Por Marcos Rodríguez

Hielo fino

A lo mejor estoy siendo un poco más romántico de lo razonable, pero encuentro una contradicción fundamental en el corazón de las películas de Christian Petzold. Una contradicción fuerte, que se despliega a lo largo de sus películas como una evolución, pero que marca también cada una de sus obras. Vuelvo a ver Yella (2007), después de unos diez años, y la encuentro otra vez, más evidente que nunca: algo quema y algo muerde con el frío del análisis. Algo está calculado y algo desborda. Por sobre todo, lo que hay en Petzold es cine.

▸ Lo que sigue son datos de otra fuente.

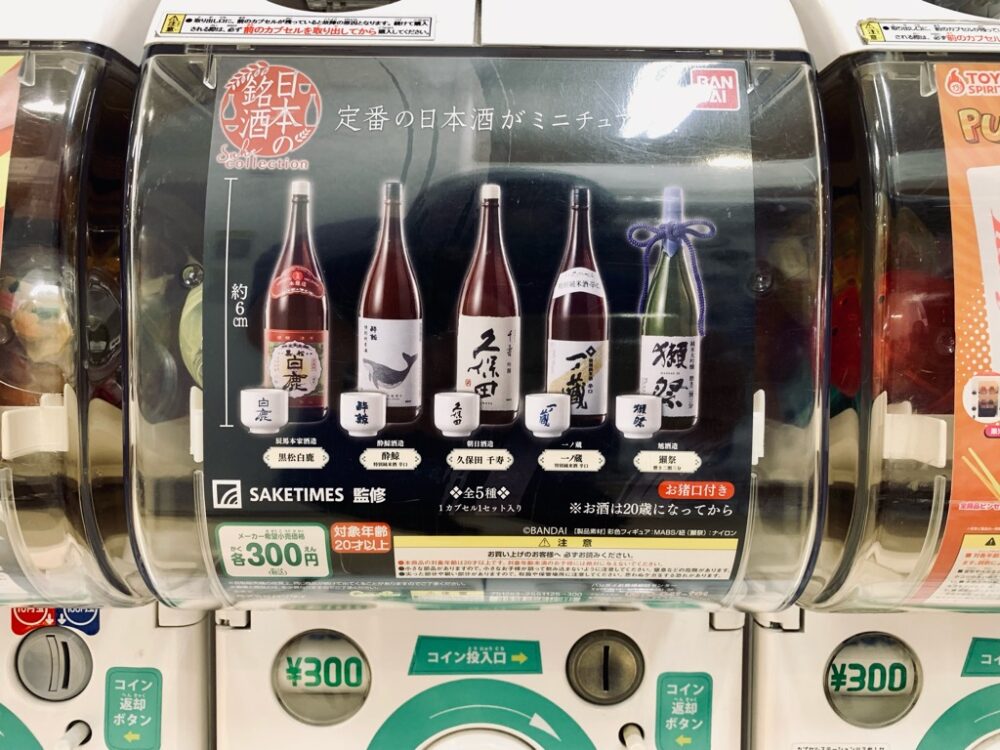 1278円 Seasonal Wrap入荷 日本の銘酒 SAKE COLLECTION2 全6種セット フルコンプ ガチャガチャ カプセルトイ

En el cine de Petzold conviven un cálculo riguroso y una voluntad de abandono, una mirada sociológica y un subconsciente pulsional. Sospecho que en cierta forma las películas suyas que más me gustan son aquellas en las que gana la pasión y el diagnóstico se limita a funcionar como marco. Por supuesto, no es tan fácil separarlos, porque en Petzold el cálculo es también parte del abandono: se ve, por ejemplo, en sus versiones y reversiones (¿cuántos lleva ya?) del cine clásico. Hay construcción cuidada, hay cita, hay trabajo académico involucrados en este andamiaje, pero a la vez lo que tira en esa necesidad de volver, de versionar, de vivir en aquel pasado perdido tiene que ver en parte con ese espíritu desbordado que el nombre de “clásico” oculta un poco. ¿Qué hay más trágico, más arrastrado por fuerzas oscuras, más misterioso e intrigante que el noir que Petzold retrabaja (siempre, pero más puntualmente) en Jerichow, esa nueva lectura de El cartero llama dos veces, clásico de clásicos, esta vez atravesado por la guerra en Afganistán, la inmigración y unos cuantos temas que atraviesan la sociedad alemana?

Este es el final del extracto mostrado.